M. Bernard Dussaut appelle de nouveau l'attention de M. le ministre de l'économie et des finances sur la situation des centres techniques régionaux de la consommation (CTRC). Dans la réponse à sa question écrite no 15903, M. le ministre fait référence à une augmentation globale, pour 1996, de 8,8 % du budget initial de soutien aux organisations de consommateurs, mais il ne précise pas la répartition interne de ce budget. Or il apparaîtrait que, en 1995, sauf cas particuliers, les dotations aux CTRC aient été réduites de 4,4 % et que les dotations de fonctionnement aux organisations nationales de consommateurs aient baissé en moyenne de 10,72 %. A ce jour, et à titre d'exemple, le CTRC Aquitaine a perçu une subvention égale à la moitié de la subvention 1995. Il lui demande de bien vouloir lui apporter des précisions sur la dotation réelle pour 1996 dont disposent les CTRC en prenant en compte la répartition interne du budget initial de soutien aux organisations de consommateurs.



Réponse du ministère : Économie

publiée dans le JO Sénat du 19/12/1996 - page 3409

Réponse. - La politique de réduction du déficit budgétaire conduit à un effort général de maîtrise des dépenses publiques. Dans ce contexte, le Gouvernement a été contraint de diminuer en 1996, de 7,4 %, le budget d'aide au mouvement consommateur ; cette réduction, il convient de le souligner, reste toutefois inférieure aux régulations budgétaires appliquées à d'autres postes. Les crédits affectés à ces organismes pour leur fonctionnement et la réalisation des émissions télévisées se sont élevés à 18,143 millions de francs, soit 38 % des subventions aux associations de consommateurs.

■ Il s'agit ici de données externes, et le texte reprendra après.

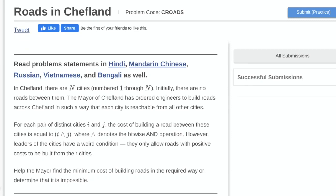Hi everyone, in this video I will be going over the problem Roads in Chefland from the May Cook-Off 2020 CodeChef contest.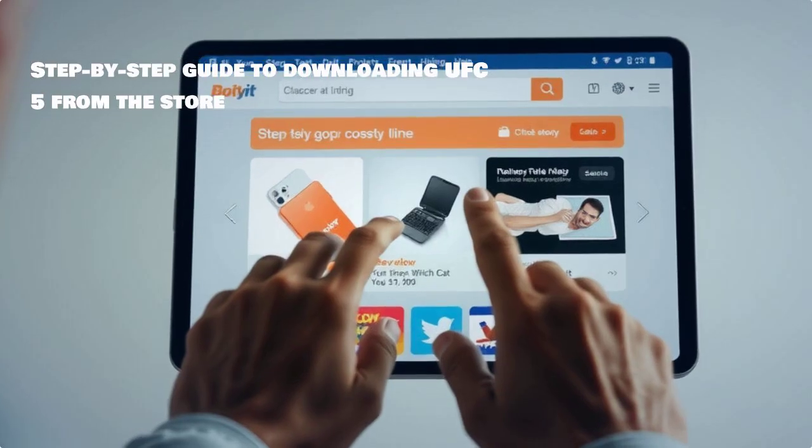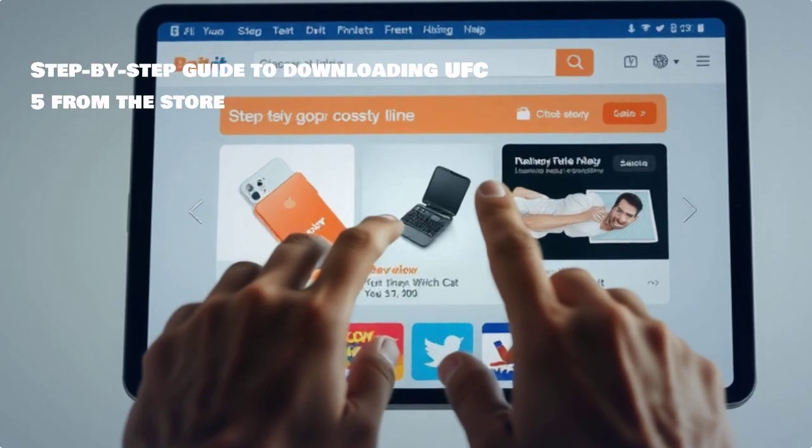Here's a simple step-by-step breakdown to download UFC 5. Follow along as we guide you through the checkout process.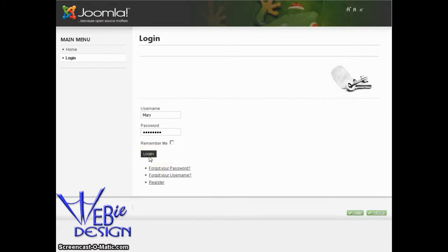Okay, we are going to add a pop-up image to some existing content on our website. First thing, we're going to log in to the front end of the website.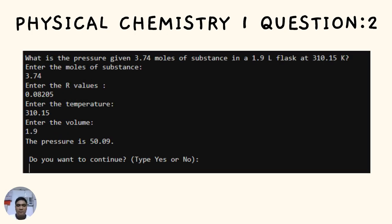For question number two: What is the pressure given 3.74 moles of substance in a 1.9 liter flask at 310.15 Kelvin? We need to enter the moles of the substance, which is 3.74. Enter the R value, which is 0.08205. Enter the temperature, which is 310.15. Enter the volume, which is 1.9. The pressure of this problem is 50.09.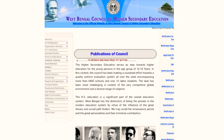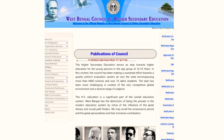You can see the page. You can see the option of Publications of Council. You can click on Publications of Council and it will open a new page.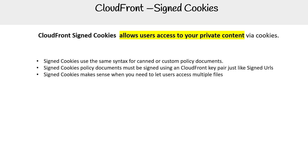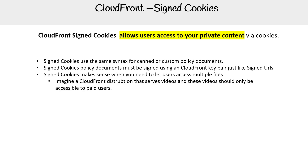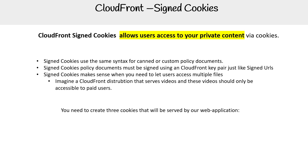Signed cookies make sense when you need to let users access multiple files. Imagine a CloudFront distribution that serves videos, and these videos should only be accessible to paid users. In fact, we used to use this on the example platform because we used to serve our videos via CloudFront, but we found it was very expensive and not easy to utilize, so we stopped doing it. But that's what you use signed cookies for.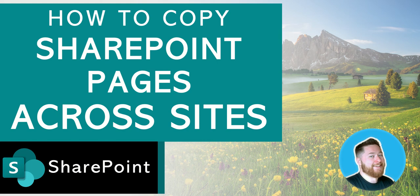In this video I'm going to show you how to copy a SharePoint home page to a new site without having to know any programming languages or PowerShell.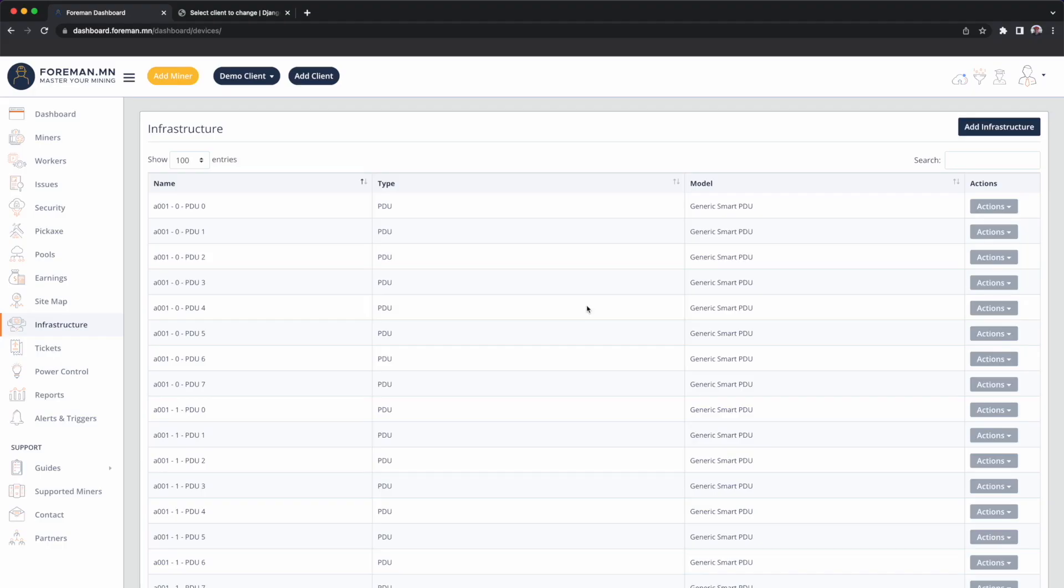An example of that could be PDUs. You can also connect up attributes, so maybe power phases. If you happen to be using S19 Hydros as another example, you can also associate their cooling tower that goes with it.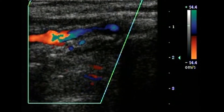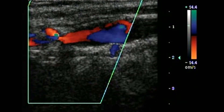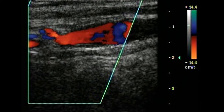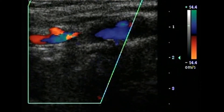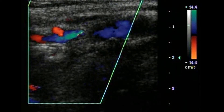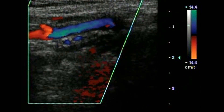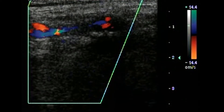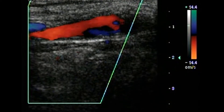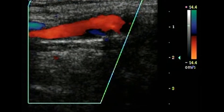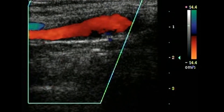Note, not only is it retrograde flow — note the retrograde ECA branch in red, flow away from the transducer, flowing into the external carotid artery, and then retrograde flow towards the transducer being displayed in blue, feeding the internal carotid artery.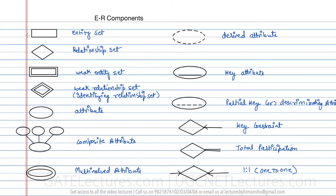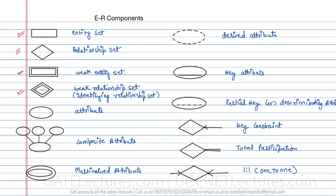The first is the entity set, which is represented by this rectangle. The second one is the relationship set, which is represented by this diamond. A weak entity can be represented by a rectangle inside a rectangle, and a weak relationship set can be represented by a diamond inside a diamond.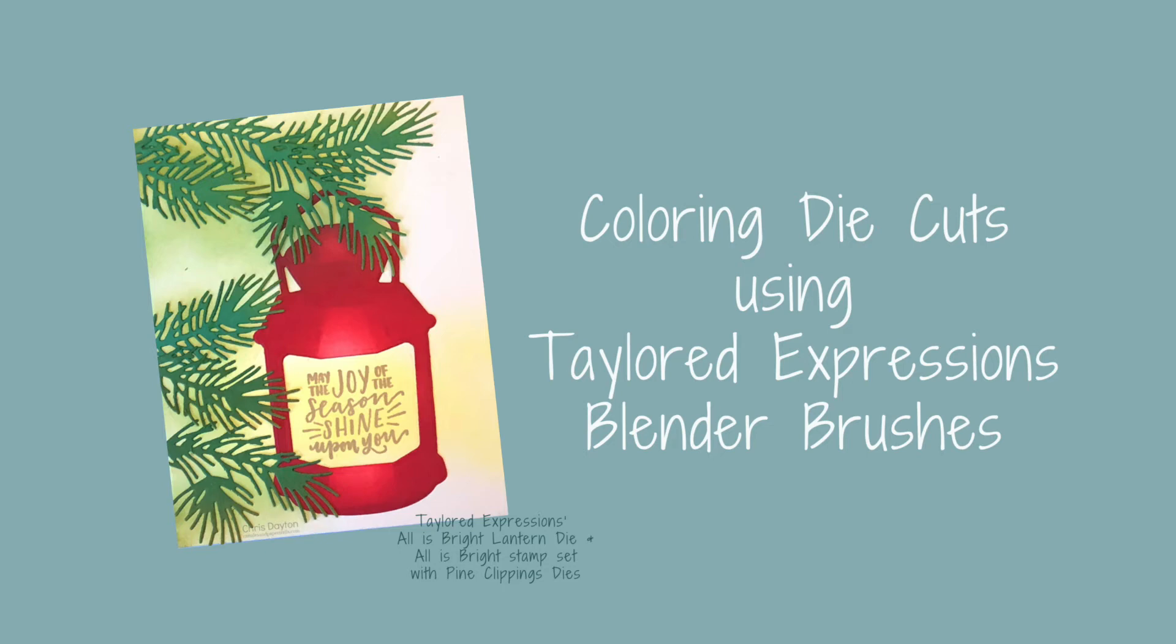Hi everyone, it's Chris. Today I have a little technique video to share with you. This is a technique that I used to create this card for a Taylored Expressions blog hop. This card uses the All is Bright lantern die, All is Bright stamp sets, and the Pine Clippings dies.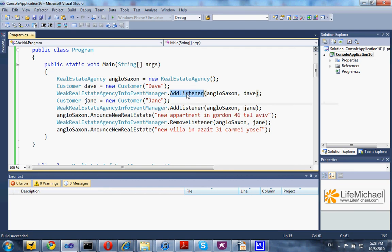Calling addListener will tie together a publisher and a listener; calling removeListener will untie the two objects, so that later we won't suffer from memory leaks due to the garbage collector's incapability to clear memory of event listeners we no longer use.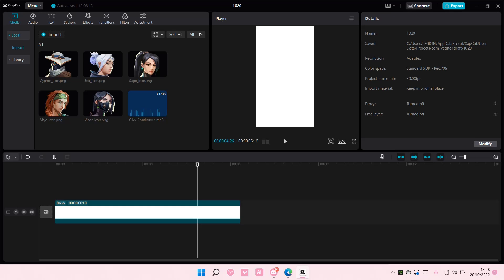Hey guys, and welcome back to this channel. In this video, I'll be showing you guys how to create an agent select type of video on CapCut PC.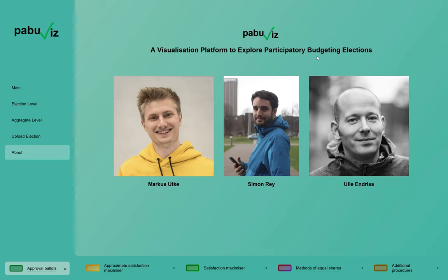Participatory budgeting, or PB, is a type of election in which citizens vote to select which projects should be implemented from a list of given projects. For the sake of this video, I will put myself in the shoes of someone who is helping a municipality decide how to implement their PB election.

Dans un contexte budgétaire très difficile, les pouvoirs publics, conscients du rôle joué par les centres techniques régionaux de la consommation (CTRC) pour apporter un soutien technique aux organisations locales de consommateurs, se sont donc efforcés de maintenir la place qui est la leur au sein du mouvement consommateur. Les dotations des CTRC ont été réduites en moyenne de 6,45 %. Toutefois, selon leur activité et les particularités des régions, l'évolution des dotations varie entre 0 % et - 26 %. Le CTRC Aquitaine perçoit pour sa part, en 1996, une dotation de fonctionnement de 781 000 F, en baisse de 12 % par rapport à 1995. Dans le prolongement des directives du Premier ministre, l'allocation des subventions aux CTRC a, en effet, été effectuée sur la base d'un audit portant sur la situation financière et surtout sur le niveau d'activité et la qualité du service rendu aux associations locales de consommateurs (formation, assistance juridique, traitement des litiges, animation, etc.). Par ailleurs, le renforcement des échanges entre les CTRC et l'Institut national de la consommation, à l'initiative des pouvoirs publics, donne lieu à la mise en place d'un réseau de compétences qui permettra aux CTRC de bénéficier de synergies et d'économies d'échelle et de remplir ainsi leurs missions dans de meilleures conditions. Enfin, la faisabilité de subventions pluriannuelles aux CTRC est actuellement à l'étude. Dès 1997, chaque ministère aura la possibilité de conclure des conventions avec les associations ou organismes interassociatifs comme les CTRC, sur une base de trois ans. La circulaire détaillant les conditions d'application du dispositif a été publiée au Journal officiel du 12 juin 1996.